Andrew Johnson was born in Raleigh, North Carolina on December 29, 1808, and like the previous North Carolina born presidents, Andrew Jackson and James K. Polk, he was elected to office from Tennessee. He died on July 31, 1875, in Carter’s Station, Tennessee. Although a native of the South, Johnson was a firm supporter of the Union. During the desperate days of the Civil War, he served as the military governor of Tennessee and finally as vice-president under the second term of Abraham Lincoln. After Lincoln's assassination, the heavy task of restoring a nation after the ravages of a civil war fell to the tailor from North Carolina.

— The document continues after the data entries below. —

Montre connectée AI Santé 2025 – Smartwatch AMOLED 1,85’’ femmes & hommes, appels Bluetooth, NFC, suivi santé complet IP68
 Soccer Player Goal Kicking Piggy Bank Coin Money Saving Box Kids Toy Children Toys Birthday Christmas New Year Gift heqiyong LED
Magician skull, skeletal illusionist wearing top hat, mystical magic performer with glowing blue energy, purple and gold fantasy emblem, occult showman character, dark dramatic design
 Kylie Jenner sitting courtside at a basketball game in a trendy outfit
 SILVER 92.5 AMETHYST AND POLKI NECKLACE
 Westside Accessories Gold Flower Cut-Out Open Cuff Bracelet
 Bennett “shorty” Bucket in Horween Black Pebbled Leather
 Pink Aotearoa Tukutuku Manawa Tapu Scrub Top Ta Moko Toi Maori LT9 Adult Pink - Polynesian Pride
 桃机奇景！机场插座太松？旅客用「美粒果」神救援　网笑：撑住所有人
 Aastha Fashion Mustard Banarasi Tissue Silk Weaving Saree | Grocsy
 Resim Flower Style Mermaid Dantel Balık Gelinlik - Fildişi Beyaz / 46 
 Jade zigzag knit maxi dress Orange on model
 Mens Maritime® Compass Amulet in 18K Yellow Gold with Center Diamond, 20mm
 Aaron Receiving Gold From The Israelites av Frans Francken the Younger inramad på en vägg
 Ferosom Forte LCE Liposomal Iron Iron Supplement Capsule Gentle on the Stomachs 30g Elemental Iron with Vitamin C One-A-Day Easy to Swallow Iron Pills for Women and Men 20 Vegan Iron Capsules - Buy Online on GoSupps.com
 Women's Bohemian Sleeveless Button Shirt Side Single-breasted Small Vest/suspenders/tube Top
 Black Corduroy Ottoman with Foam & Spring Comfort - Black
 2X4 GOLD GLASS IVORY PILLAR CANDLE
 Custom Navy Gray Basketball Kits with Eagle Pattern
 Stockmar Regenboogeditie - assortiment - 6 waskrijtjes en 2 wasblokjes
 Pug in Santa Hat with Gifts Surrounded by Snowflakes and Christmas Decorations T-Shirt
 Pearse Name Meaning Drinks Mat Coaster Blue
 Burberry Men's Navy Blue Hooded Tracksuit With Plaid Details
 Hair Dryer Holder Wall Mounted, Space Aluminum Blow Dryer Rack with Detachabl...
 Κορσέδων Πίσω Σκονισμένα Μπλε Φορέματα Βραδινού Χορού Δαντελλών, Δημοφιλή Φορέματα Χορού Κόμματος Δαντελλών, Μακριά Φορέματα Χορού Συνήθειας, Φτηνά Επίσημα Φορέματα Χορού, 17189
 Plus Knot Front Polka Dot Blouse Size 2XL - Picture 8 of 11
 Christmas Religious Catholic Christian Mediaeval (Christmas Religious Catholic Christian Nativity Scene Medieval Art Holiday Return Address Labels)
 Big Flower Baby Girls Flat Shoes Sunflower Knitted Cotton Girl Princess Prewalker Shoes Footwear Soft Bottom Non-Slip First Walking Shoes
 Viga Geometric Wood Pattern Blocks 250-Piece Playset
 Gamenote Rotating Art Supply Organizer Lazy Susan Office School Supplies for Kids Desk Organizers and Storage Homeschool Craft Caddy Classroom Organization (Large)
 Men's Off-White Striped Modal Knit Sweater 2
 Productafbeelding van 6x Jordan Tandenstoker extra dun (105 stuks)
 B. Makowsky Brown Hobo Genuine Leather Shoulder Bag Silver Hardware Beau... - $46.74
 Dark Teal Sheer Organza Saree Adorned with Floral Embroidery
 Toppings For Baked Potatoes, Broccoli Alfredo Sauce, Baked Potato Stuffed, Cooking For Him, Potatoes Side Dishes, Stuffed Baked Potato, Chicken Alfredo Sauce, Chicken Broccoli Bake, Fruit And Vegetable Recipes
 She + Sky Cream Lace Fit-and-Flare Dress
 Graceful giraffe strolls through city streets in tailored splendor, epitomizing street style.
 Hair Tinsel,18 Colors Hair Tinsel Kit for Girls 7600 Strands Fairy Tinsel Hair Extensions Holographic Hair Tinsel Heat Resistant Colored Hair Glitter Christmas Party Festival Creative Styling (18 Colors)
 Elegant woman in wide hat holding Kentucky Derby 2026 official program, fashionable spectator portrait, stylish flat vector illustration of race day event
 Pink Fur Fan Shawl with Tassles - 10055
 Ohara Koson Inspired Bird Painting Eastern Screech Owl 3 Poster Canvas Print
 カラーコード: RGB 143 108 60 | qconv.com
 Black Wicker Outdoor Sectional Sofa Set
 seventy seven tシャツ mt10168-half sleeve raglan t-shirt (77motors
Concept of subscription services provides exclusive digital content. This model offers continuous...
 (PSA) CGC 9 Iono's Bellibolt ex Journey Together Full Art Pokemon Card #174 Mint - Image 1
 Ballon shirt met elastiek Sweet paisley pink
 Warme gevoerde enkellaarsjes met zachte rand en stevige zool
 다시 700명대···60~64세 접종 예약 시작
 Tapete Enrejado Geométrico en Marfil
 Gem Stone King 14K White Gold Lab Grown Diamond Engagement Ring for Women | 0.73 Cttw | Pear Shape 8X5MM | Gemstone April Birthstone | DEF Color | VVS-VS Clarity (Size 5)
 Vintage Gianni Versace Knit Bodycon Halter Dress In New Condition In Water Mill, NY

Andrew Johnson began his life in a small wooden house which is still preserved in Raleigh at the Mordecai Historic Park. His parents, Jacob and Mary Johnson, maintained the home by working for Casso's Inn, a popular inn and stable. The Johnson home stood on the property of the inn. Both of Andrew's parents worked there--Mary as a weaver, Jacob as the hostler, while Jacob also acted as janitor for the State Capitol. Andrew was the younger of two sons born into the Johnson family. Jacob Johnson rescued two or three friends (recollections were unclear) from drowning in 1812, but the effort cost him his health, and he died within a year, leaving Mary to raise Andrew and his brother William. In an effort to provide a trade for her sons, Mary Johnson apprenticed her sons to a tailor in Raleigh when Andrew was fourteen.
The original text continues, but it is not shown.